American newspaper publisher

Kathryn C. Lee (1935-2013) was an American newspaper publisher who helped found the first African American newspaper, The Sacramento Observer, in Sacramento, California in 1962.

== Early life and education ==
Kathryn Lee was born on in New Orleans, Louisiana. She attended San Francisco State University. In 1962, she married William H. Lee and they purchased the newspaper, which was then called The Sacramento Outlook.

== Career ==

Lee was the first African American to work at the Sacramento County Sheriff in 1956 and the first African American to serve on the Sacramento Grand Jury in 1973. She later worked full time as assistant publisher at The Sacramento Observer and ultimately ran the newspaper's finances. When one of the paper's co-founders died and a business partner left in 1965, the couple ran the paper themselves and kept it from folding.

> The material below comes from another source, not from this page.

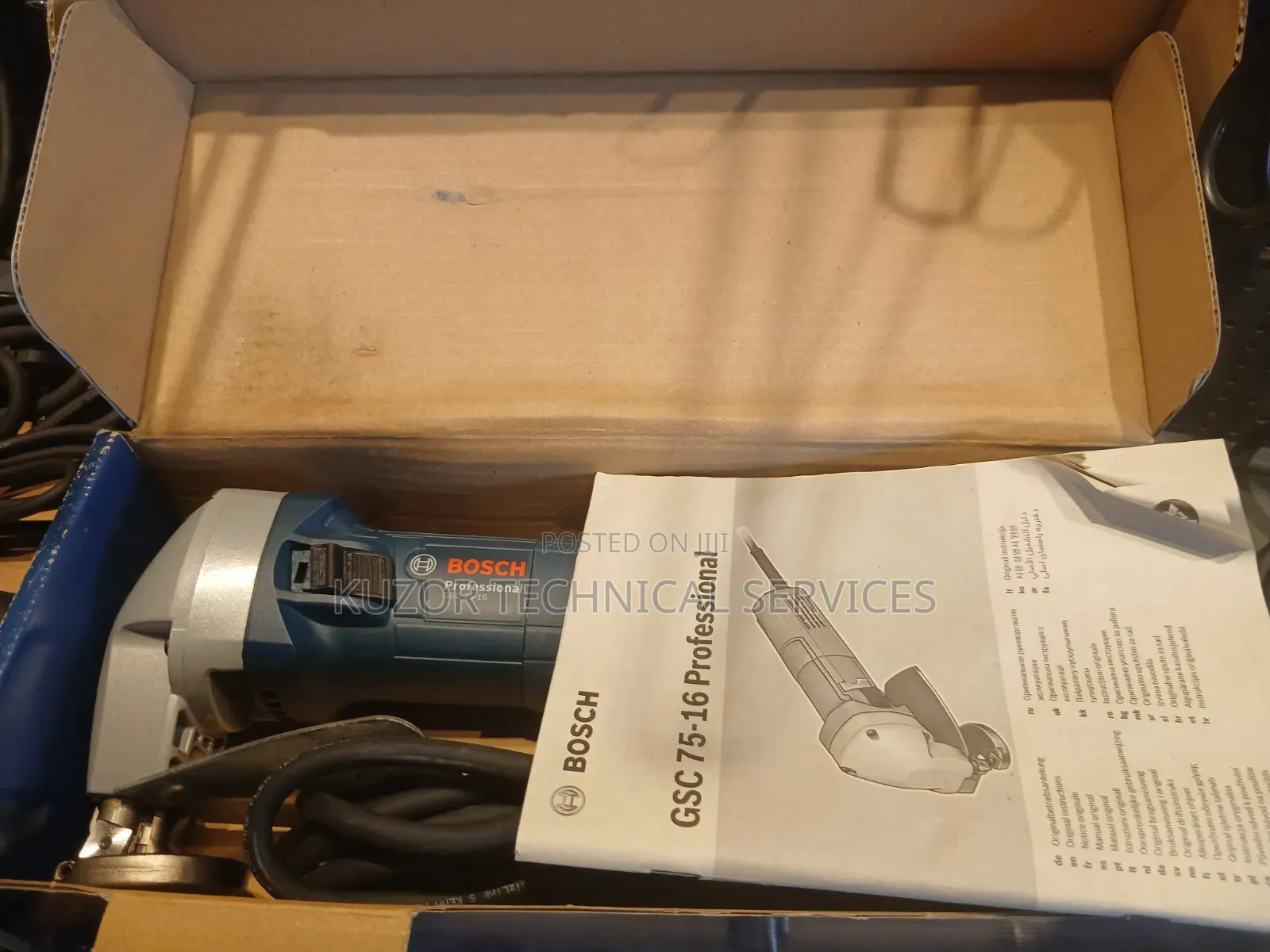 GSC 75 -16 Standard Shear Cutter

Since it started as a four-page newspaper, it has grown into a leading Black newspaper in the country, honored by the National Newspaper Publishers Association and called the "main source of news for Sacramento's Black communities."
== Awards and honors ==
Lee won many honors including:
- 1970 Woman of the Year by the Women's Civic Improvement Club of Sacramento
- 1991 Greyhound Corporation’s Woman of the Year
- 1993 National Council of Negro of Women, Sacramento Valley Section’s “Most Outstanding Women” award
- 1999 recipient of the Second Annual Madame CJ Walker Entrepreneurial Award
- 2002 Pioneer Award National Coalition of 100 Black Women, Sacramento Chapter
- 2002 Partnership Service Award from Links, Inc.

== Death and legacy ==
Lee died on March 25, 2013, at her home in Oak Park, California. One of her children, Larry Lee, is now publisher of The Sacramento Observer.